Hobbies still account for 30 percent of the chain's total business while crafts and miniatures account for 10 percent. The other 60 percent is generated by toys and is equally distributed between promotional toys and the higher quality imported merchandise.

The idea of adding toys to the mix came about in 1959, originally to promote party plan merchandising. The Benores started the Fun Fair wholesale company to buy the toys for the party plan since it was not easy to buy direct at that time, said Benjamin Savino, vice president of the chain. Buyers continue to deal direct with toy factories through its buying division, Fun Fair.

Toy Competition

Increasing competition on promotional toys from the large toy supermarkets stirred the company in 1979 to launch a more upscale version of its toy stores, called The Toy Store. The chain currently operates five locations under that name and these stores are smaller than the average size of Hobby Center Toys.

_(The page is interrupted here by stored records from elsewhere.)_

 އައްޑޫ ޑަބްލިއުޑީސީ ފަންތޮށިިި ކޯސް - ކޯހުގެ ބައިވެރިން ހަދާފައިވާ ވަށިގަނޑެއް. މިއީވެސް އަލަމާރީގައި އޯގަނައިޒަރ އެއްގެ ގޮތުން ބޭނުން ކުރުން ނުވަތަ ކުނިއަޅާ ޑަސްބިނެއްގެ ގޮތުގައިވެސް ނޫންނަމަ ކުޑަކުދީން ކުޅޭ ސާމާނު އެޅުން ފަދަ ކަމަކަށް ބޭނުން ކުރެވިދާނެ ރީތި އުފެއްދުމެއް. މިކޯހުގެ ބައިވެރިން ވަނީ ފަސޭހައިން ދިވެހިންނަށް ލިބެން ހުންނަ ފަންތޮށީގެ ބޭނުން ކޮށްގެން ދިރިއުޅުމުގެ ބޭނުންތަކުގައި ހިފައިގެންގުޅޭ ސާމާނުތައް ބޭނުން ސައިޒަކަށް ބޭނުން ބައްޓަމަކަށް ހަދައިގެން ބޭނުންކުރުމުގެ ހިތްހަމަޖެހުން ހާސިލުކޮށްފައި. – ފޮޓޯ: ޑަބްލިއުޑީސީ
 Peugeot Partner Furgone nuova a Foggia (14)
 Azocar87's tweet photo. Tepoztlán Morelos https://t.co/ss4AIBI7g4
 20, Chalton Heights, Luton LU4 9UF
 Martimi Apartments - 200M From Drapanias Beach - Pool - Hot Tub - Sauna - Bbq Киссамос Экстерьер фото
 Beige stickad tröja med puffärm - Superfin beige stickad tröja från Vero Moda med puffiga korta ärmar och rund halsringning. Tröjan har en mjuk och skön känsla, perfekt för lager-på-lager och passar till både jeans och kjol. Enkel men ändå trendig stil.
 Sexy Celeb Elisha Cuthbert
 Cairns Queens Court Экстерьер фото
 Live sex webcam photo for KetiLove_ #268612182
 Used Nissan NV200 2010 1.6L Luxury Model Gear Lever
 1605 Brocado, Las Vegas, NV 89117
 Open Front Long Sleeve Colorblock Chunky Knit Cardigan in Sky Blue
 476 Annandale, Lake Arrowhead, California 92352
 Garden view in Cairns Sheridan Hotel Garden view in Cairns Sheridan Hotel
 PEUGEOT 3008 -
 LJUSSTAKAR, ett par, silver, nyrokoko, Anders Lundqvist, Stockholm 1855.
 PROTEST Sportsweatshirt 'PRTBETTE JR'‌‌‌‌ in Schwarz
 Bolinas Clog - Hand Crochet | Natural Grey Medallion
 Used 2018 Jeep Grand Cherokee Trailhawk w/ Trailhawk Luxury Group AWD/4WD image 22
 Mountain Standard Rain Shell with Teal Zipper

The company is trying to keep the identity of the Toy Store separate from Hobby Center Toys by having the product mix and locations setting the image, Savino said.

The chain just opened a new The Toy Store in Kettering, Ohio, on July 10 and a Hobby Center Toys in Mansfield. "By next fall when the dust settles, we expect to have an increase in sales from the new stores,' Savino said. It has remained at around $12 million in sales over the past two years.

"We have become more and more of a specialty retailer,' Savino said. "The country has become segmented with the Wal-Marts taking over the lower-end of the scale and the specialists taking over the higher-end of the scale with the middle being eliminated.'

The toy specialty retailer considers toy supermarkets to be its main competition due to the sheer volume those operations generate. When a Toys "R' Us opens up near one of its stores, the company said it takes away 10 percent to 15 percent of its business for the first four months, before its customers eventually return.

To differentiate itself from the toy supermarkets, Hobby Center Toys has increased its stock from such European manufacturers as Ravensburger, International Playthings and Reeds. The imported higher quality merchandise doesn't necessarily mean higher prices, Savino said, with many imported toys selling between $10 and $30.

For example, a Quercetti Lunapark Gear Circus game sells for $16 and a Ravensburger Four Seasons game for $12. "It is a way to maintain markup in this business because we can limit markdowns and sell higher mark up merchandise,' he added. "We are taking the best of both worlds by mixing promotional with a mix of imports and quality hobbies.'

The mix is visibly apparent in a Hobby Center Toys store. In an average store, the right aisle, aimed at girls, has one side containing such merchandise as expensive collector dolls priced as high as $3,500, and the other side carrying promotional dolls such as Barbie. The left side of the store, merchandised as the boys aisle, has one side containing radio remote control cars, boats and airplanes priced as high as $300; the other side has promotional items such as Masters of the Universe.

One of the difficulties in dealing with imported items, confides Savino, is that it involves limited marketing. An importer may have the product at one time and then when the chain would like to recorder finds that the importer no longer carries the product.